- _TASK BRIEF_
Answer with the exact lines of the following material from the one containing "Flash Furniture XU-A42-RND-OAK-T-A-CAS-GG" through the one containing "Mangueira Ordenhadeira do", both end lines included.

- _INPUT RECORDS_
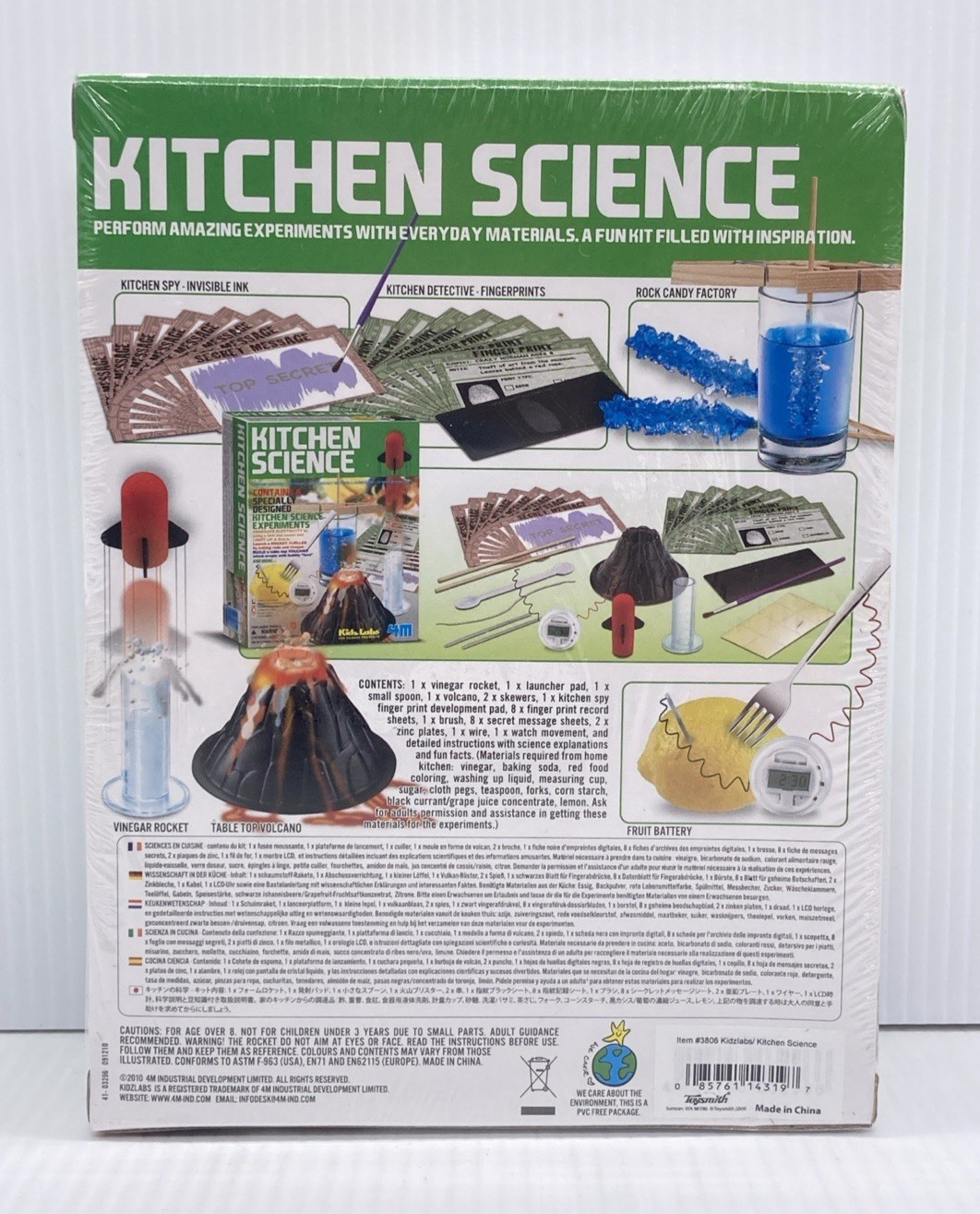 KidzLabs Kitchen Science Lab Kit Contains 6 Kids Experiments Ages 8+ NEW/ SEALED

* * *

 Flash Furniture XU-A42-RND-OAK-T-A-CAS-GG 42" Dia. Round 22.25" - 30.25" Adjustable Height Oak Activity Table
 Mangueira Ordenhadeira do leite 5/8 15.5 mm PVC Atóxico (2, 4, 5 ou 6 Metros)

- _YOUR RESPONSE_
 Flash Furniture XU-A42-RND-OAK-T-A-CAS-GG 42" Dia. Round 22.25" - 30.25" Adjustable Height Oak Activity Table
 Mangueira Ordenhadeira do leite 5/8 15.5 mm PVC Atóxico (2, 4, 5 ou 6 Metros)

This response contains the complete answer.